[Start of section]
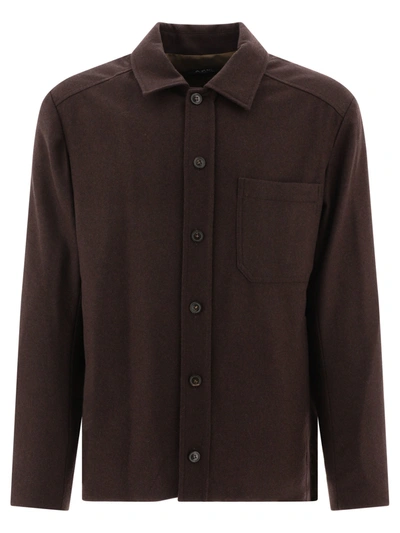 A.p.c. Jasper Long Sleeved Butoned Jacket In Brown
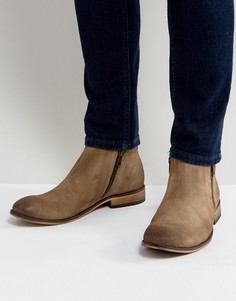 Песочные замшевые ботинки челси с двумя молниями ASOS - Светло-серый
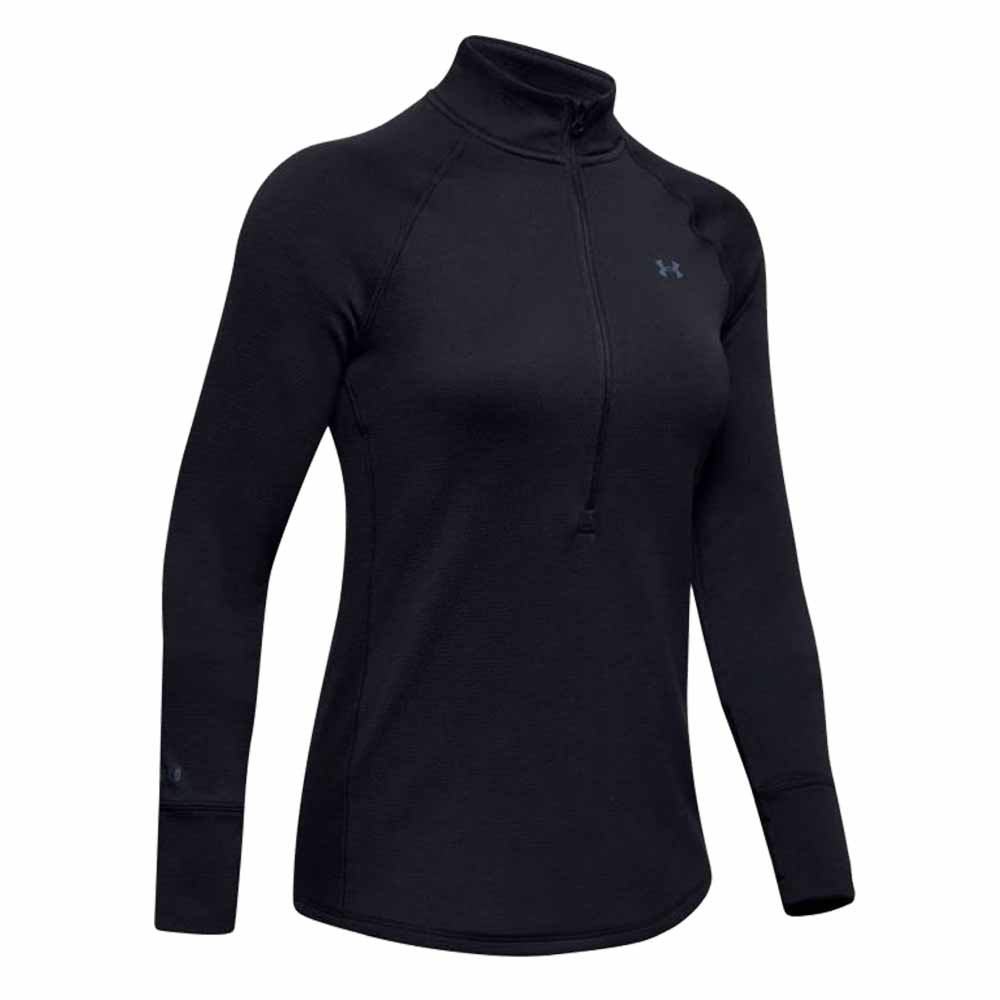 Women's ColdGear Base 4.0 1/2 Zip Shirt, Black Pitch Gray
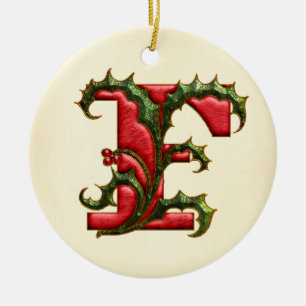 Ornement Rond En Céramique Monogramme F de houx de Noël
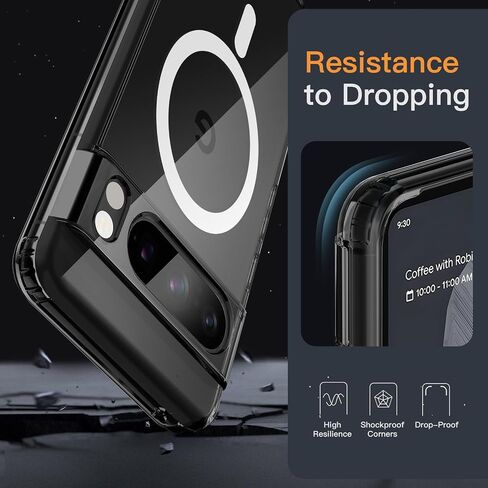 JETech Magnetic Case for Google Pixel 8 Pro 6.7-Inch 2023, Compatible with MagSafe Accessories, Shockproof Protective Phone Cover, Non-Yellowing Hard Clear PC Back (Clear) in Saudi Arabia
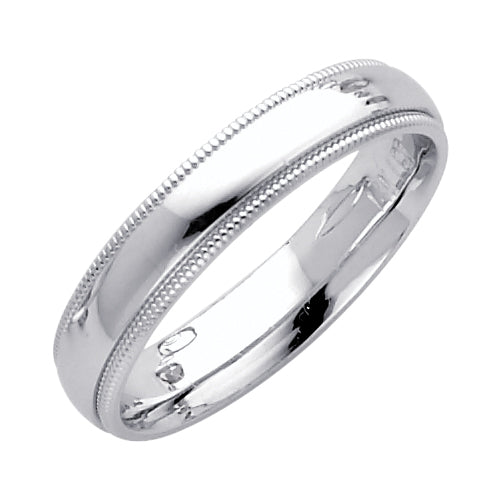 14K White Gold 4mm Comfort Fit Milgrain Wedding Band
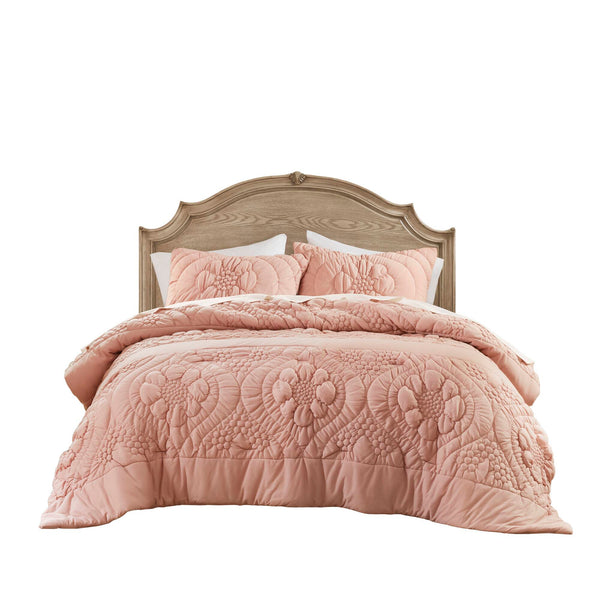English Elm 3-Piece Soft Pink Comforter Set For Full/Queen Beds - Cozy, Breathable, Easy Care & Stylish Design B035P408218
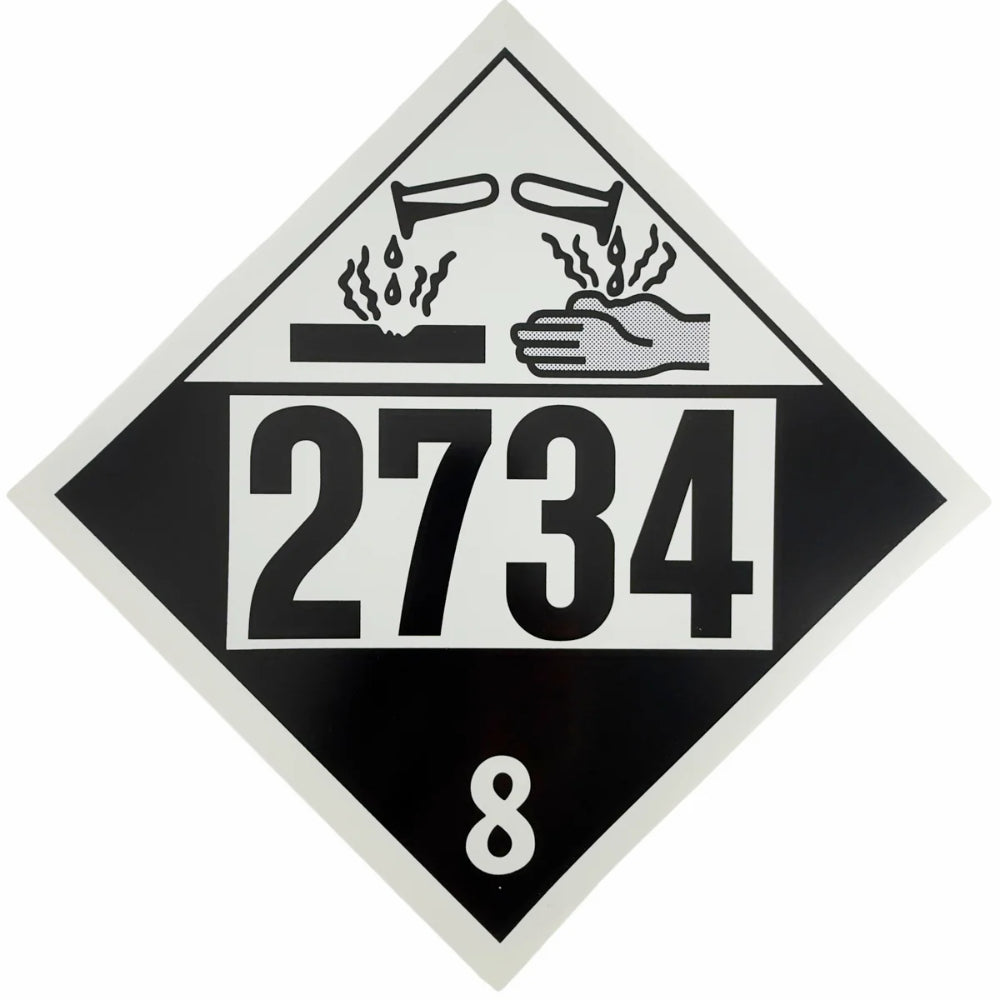 Class 8 UN 2734 Placard | Corrosive Flammable Liquid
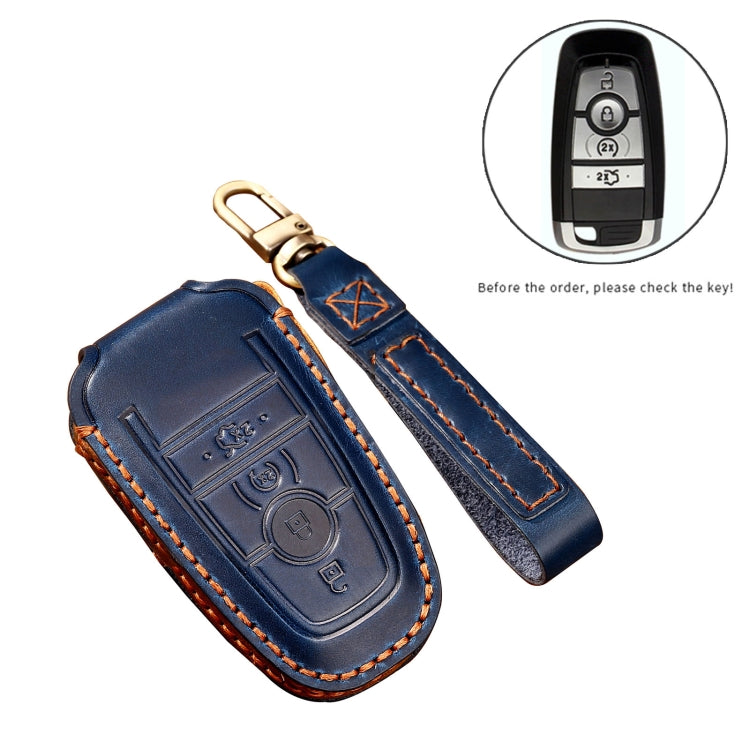 Hallmo Car Cowhide Leather Key Protective Cover Key Case for Ford Focus C Style(Blue)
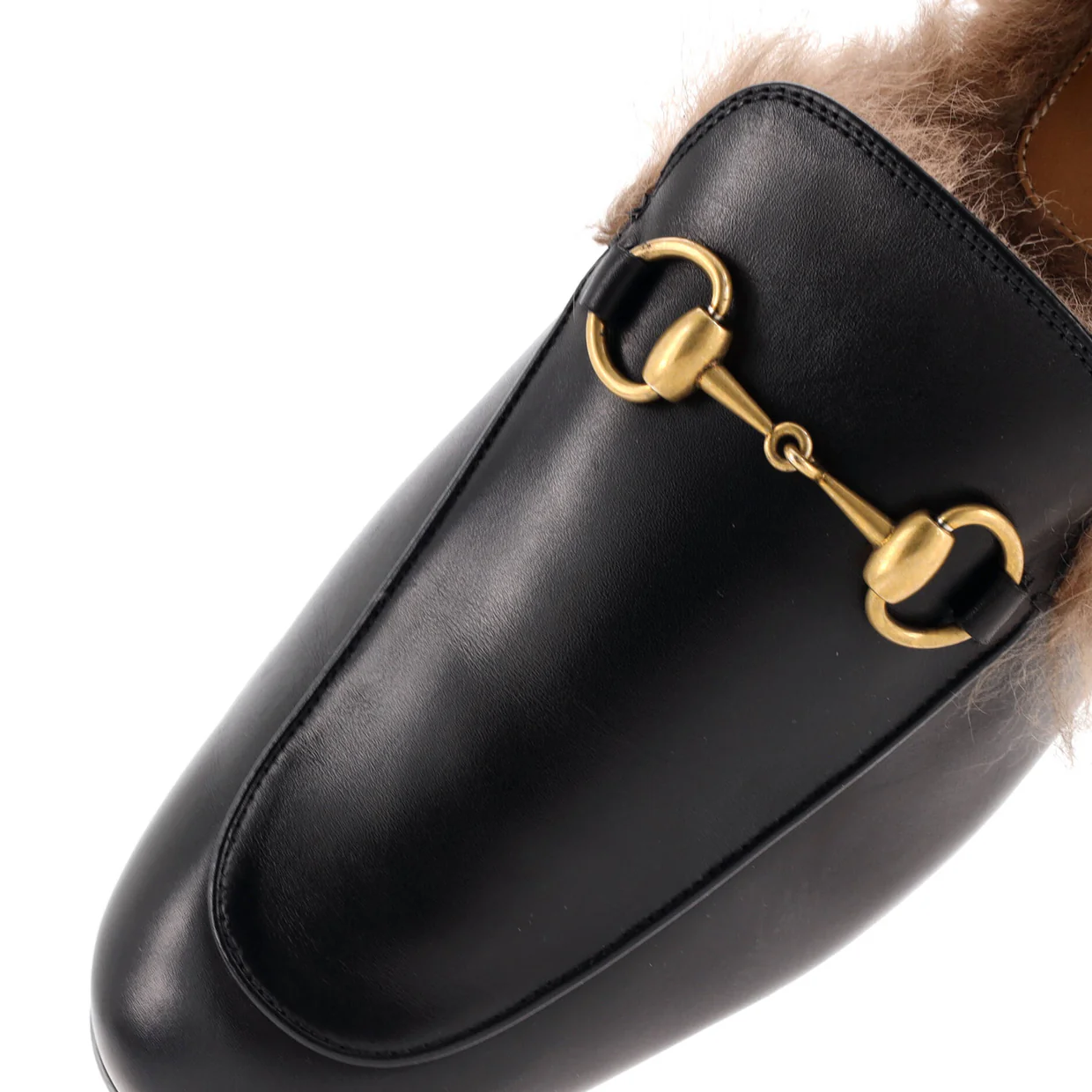 Men's Princetown Mules Leather with Fur - Deep Luxury
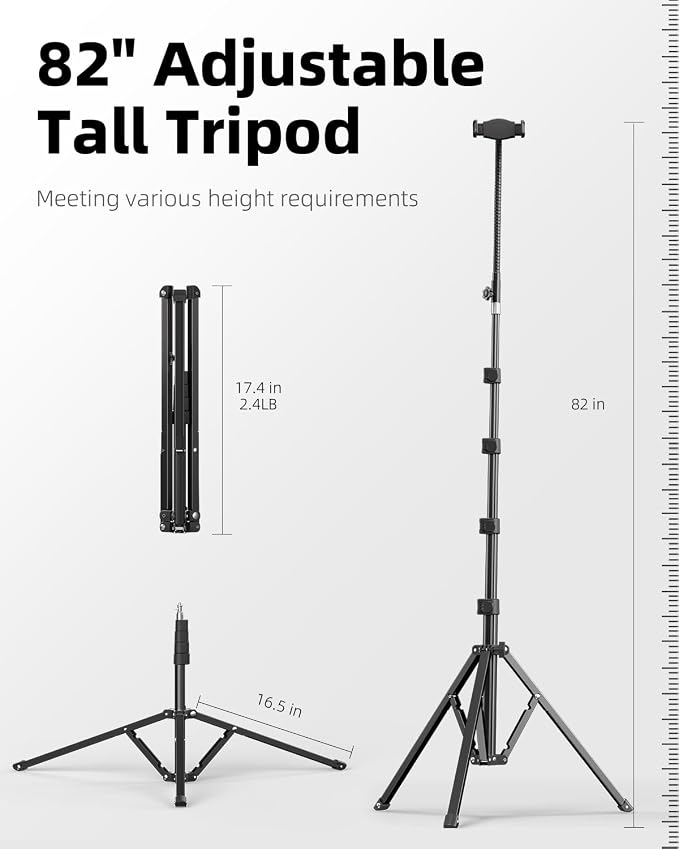 Weilisi Heavy Duty Tablet Tripod Stand 82” Tall, Floor Stand - Image 4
[End of section]
*WORK ITEM*.
Exactly those lines that run from the line holding "Men's Princetown Mules" to the end of the listing above, both included, are to be reproduced, with pictures left out.

*PROBLEM SOLUTION*.
 Men's Princetown Mules Leather with Fur - Deep Luxury
 Weilisi Heavy Duty Tablet Tripod Stand 82” Tall, Floor Stand - Image 4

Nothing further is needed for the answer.